Work instructions: The task calls for the line containing "παράθυρο chromebook σε" and all later lines, through the end of the entries below, to be set down exactly and without pictures.

Source records:
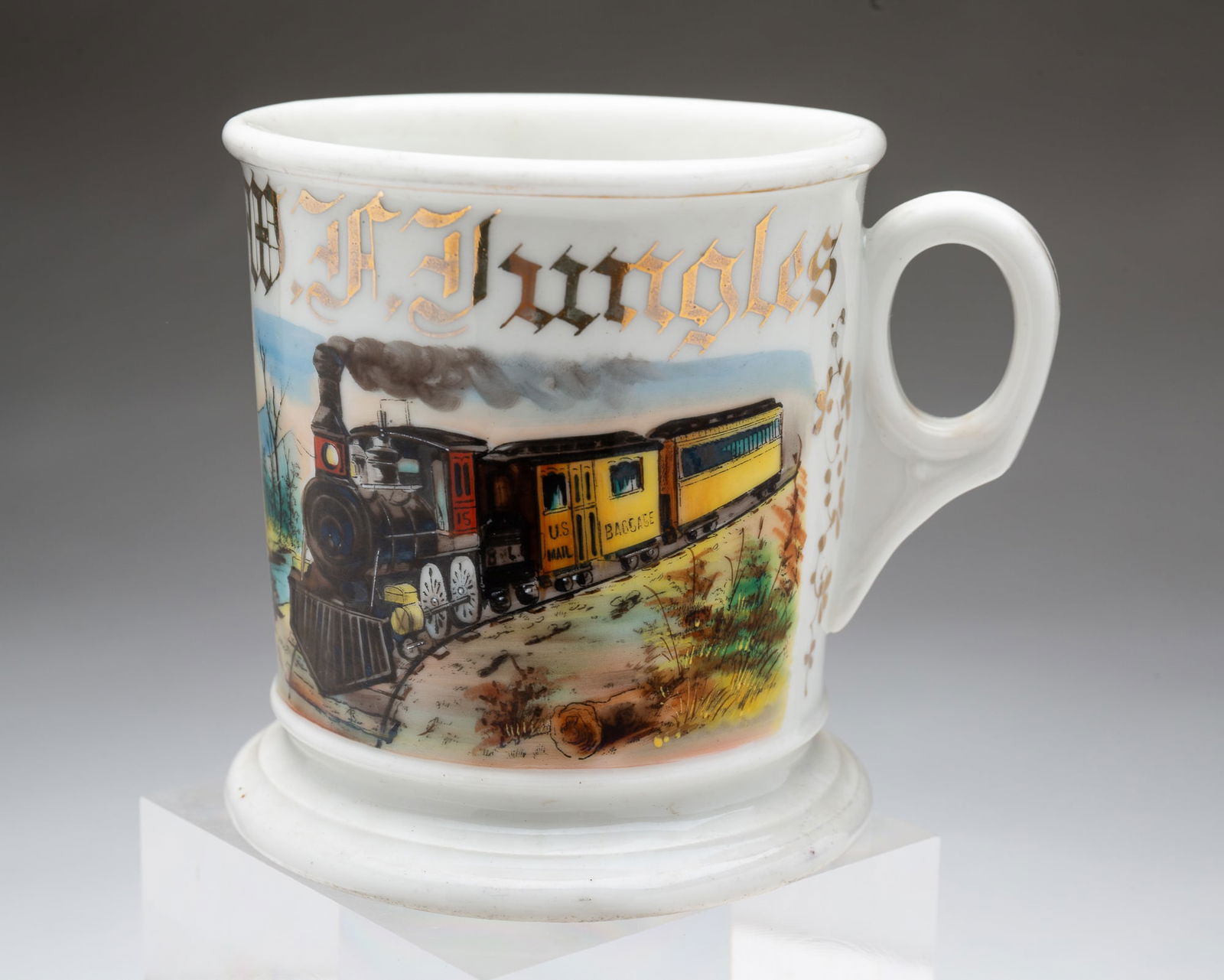 AMERICAN PAINTED PORCELAIN RAILROAD-THEMED OCCUPATIONAL SHAVING MUG. 4.5"h. (1 of 4)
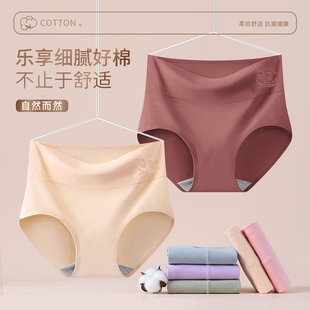 胖妈妈纯棉女士内裤高腰收腹抗菌三角裤大码绿色棉质紫色氨纶提臀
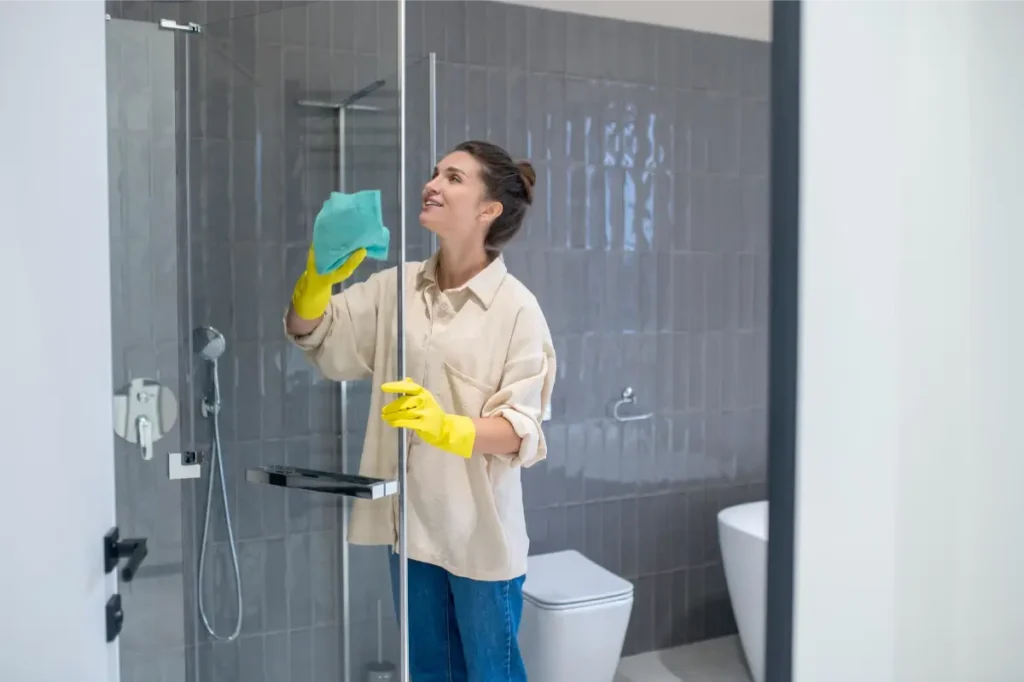 female professional cleaner cleaning the bathroom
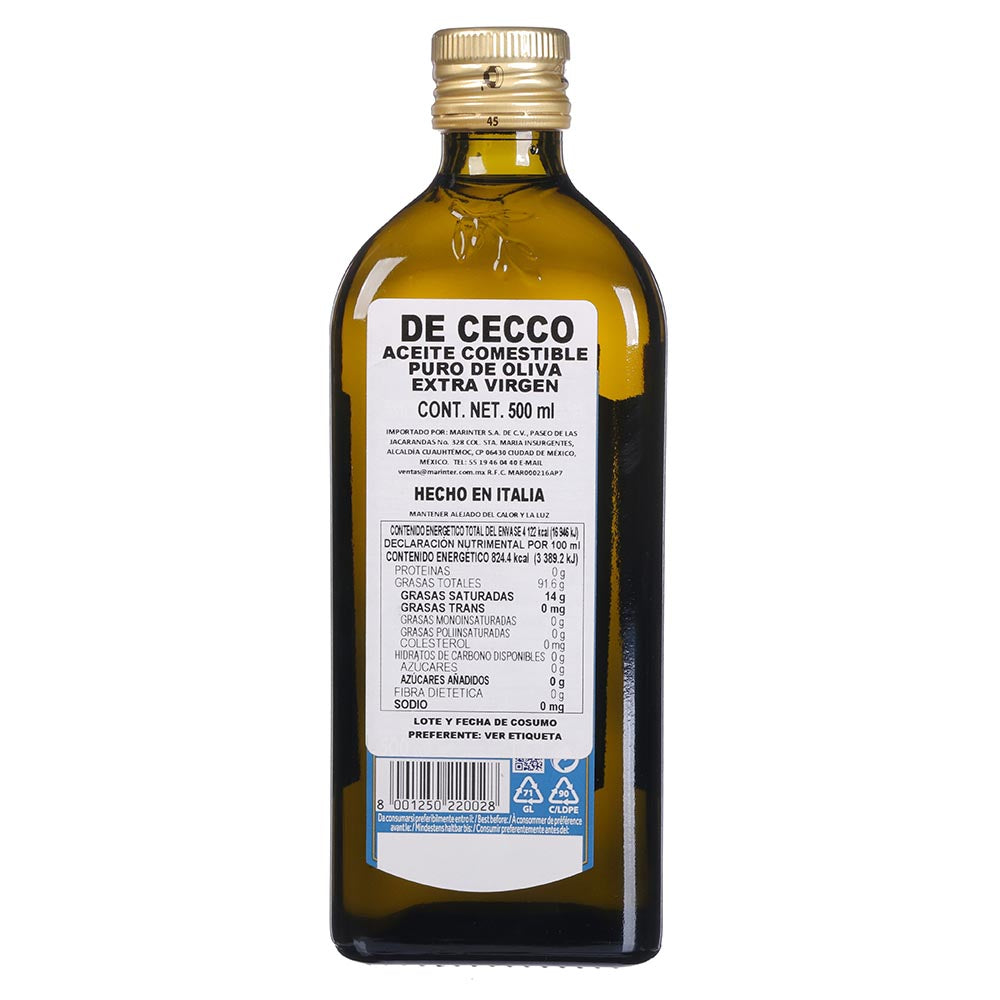 Aceite de Oliva De Cecco Extra Virgen de 500 ml - Italia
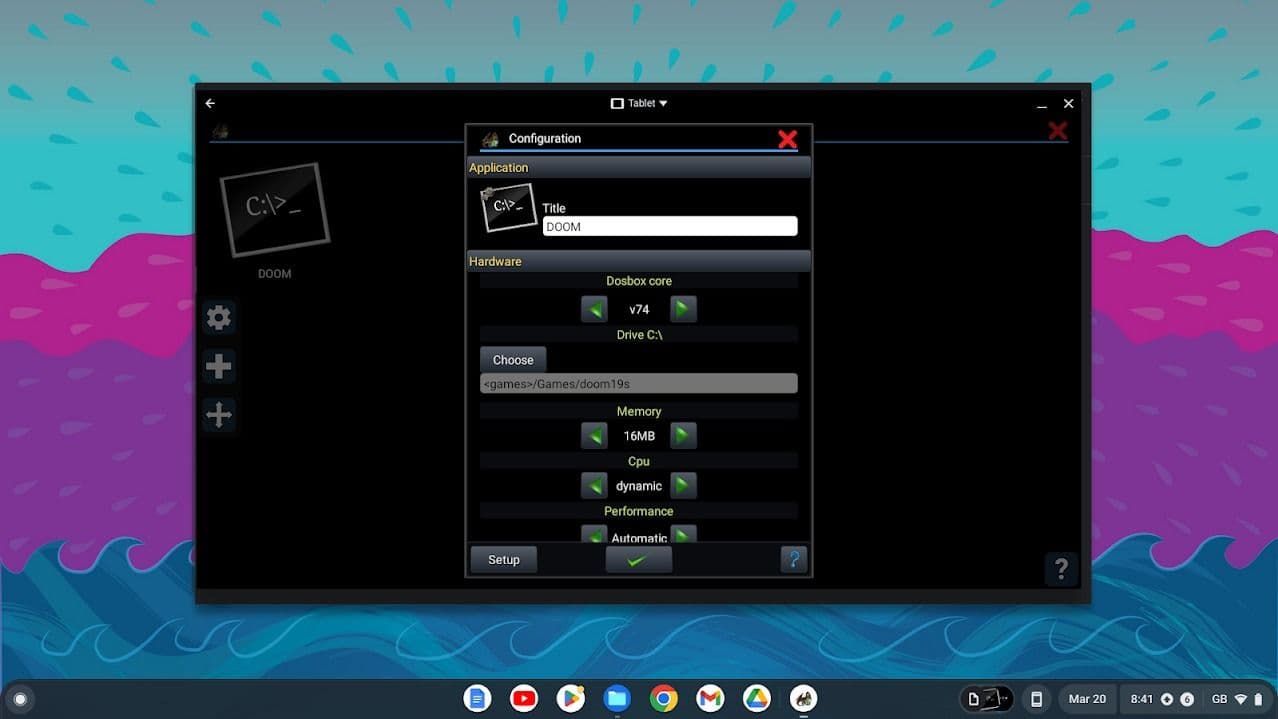 παράθυρο chromebook σε φόντο μπλε ροζ και σκούρο μπλε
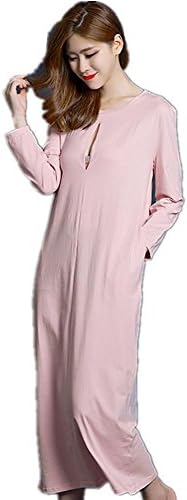DMMSS Ladies Spring And Autumn Sleep Dress Long-Sleeved Solid Color Long Skirt Cute European And American Pajamas Long Section Of Home Service , F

Answer area:
 παράθυρο chromebook σε φόντο μπλε ροζ και σκούρο μπλε
DMMSS Ladies Spring And Autumn Sleep Dress Long-Sleeved Solid Color Long Skirt Cute European And American Pajamas Long Section Of Home Service , F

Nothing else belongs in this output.